Zhenia Klevitsky: That’s a great question, Julie. I think sales and marketing collaboration in government contracting, GovCon, is most effective when it’s intentional, when it’s integrated, and when it’s aligned to the buying process. We now focus on what we’re calling account-based marketing or ABM for priority pursuits. Business development or the sales team will identify target agencies or opportunities early on in the business development lifecycle, and then marketing will build and customize outreach related to those agencies. For us, currently that’s DHS and DHA. What that marketing customized outreach includes is white papers. Maybe there’s a landing page specifically dedicated to an account on your website. Webinars, capability briefs specific for the agency. Not just capability, but again, back to that mission need. This shapes customer perception before the competition ever comes out. Not the competition, but the RFP or even an RFI, or even before an opportunity shapes, we’re already building that perception in advance.
For me, thought leadership beats capture. For example, executive ghost writing or podcasts like we’re doing today, speaking on panels and webinars positioned by marketing to help shape the narrative around a company’s technical edge or niche capability. Then business development uses these assets to credibly engage technical and program stakeholders early in that acquisition lifecycle. Sometimes, customers will reach out to us just because we’ve had an expert speak on a panel, webinar, or podcast. It’s about building that snowball approach of putting everything together so the market understands what the company is all about.
Fred Diamond: It’s interesting that you bring that up. More than ever, the customer can find information. If the customer is going to engage with sales or BD, the BD or the sales professional need to be talking about things that the customer specifically is focused on. It can’t be broad things like, “Our technology will help you be more productive,” or, “Our technology is great for government.” It has to be specific to what that human being or those specific people in the buying process need to be aware of.

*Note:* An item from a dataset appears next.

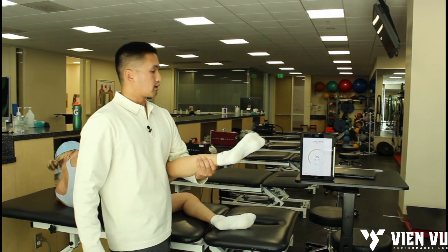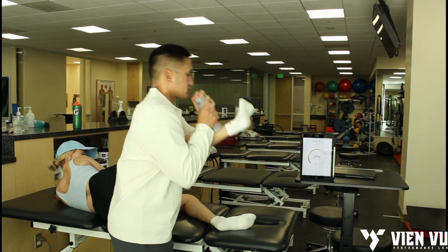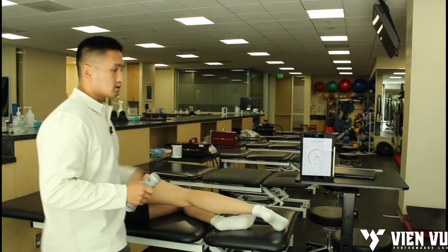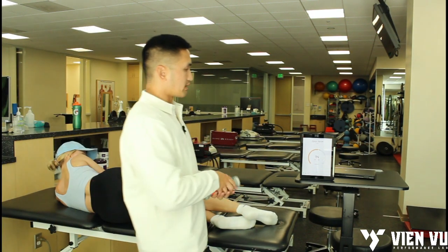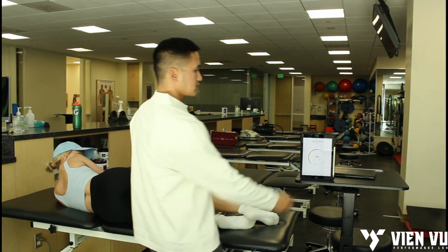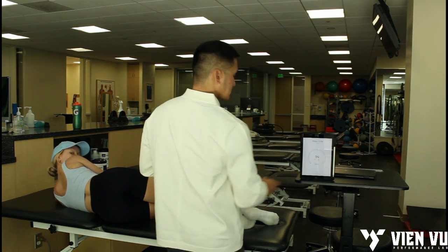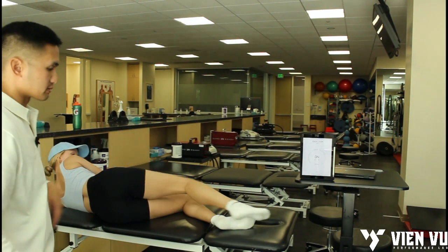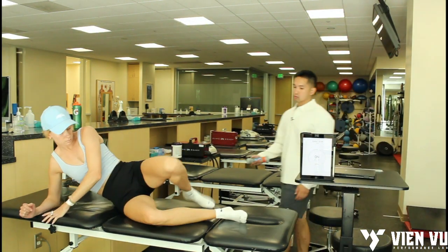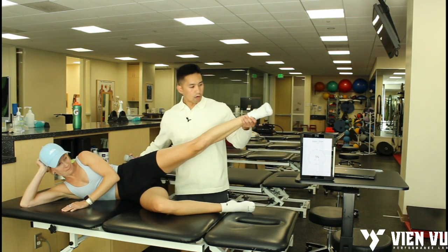That one will automatically record that trial. Ready? Hold here and go — push, push, push and rest. Good. I took two trials there, but for the sake of this video we're going to do just one rep for most of these. I'm going to hit Next and it's going to go into the left side, so I'll have her slip over to the other side.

There’s no excuse. We say this all the time, Zhenia, on the Sales Game Changers podcast: there’s no excuse for sales professionals who aren’t speaking specifically to the customer which is where marketing comes in by helping process the message, helping figure out the best ways to get it across. I’m curious, do you have an example of a time when marketing content and awareness building all came together and directly contributed to a big or complex win?
Zhenia Klevitsky: I do. Fred, I want to go back to something you said where you mentioned that the information is everywhere and people can find it. The example that I want to talk about is interesting because the type of information we needed to flow for an opportunity wasn’t available. It wasn’t something that the government could find. I’ll give you more details around that.
When I worked for another firm, we spent almost two years on the capture effort around an opportunity in Albuquerque, New Mexico. That’s a very tight niche community there. The government and industry are connected in their community. They go to church together. They do a lot together. They didn’t know us because we were in the DC area, so they couldn’t find that information that typically, you would find. They just saw a typical DC type of company integrator. We needed to make sure our message, who we are, what we do, and what we represent really got to them.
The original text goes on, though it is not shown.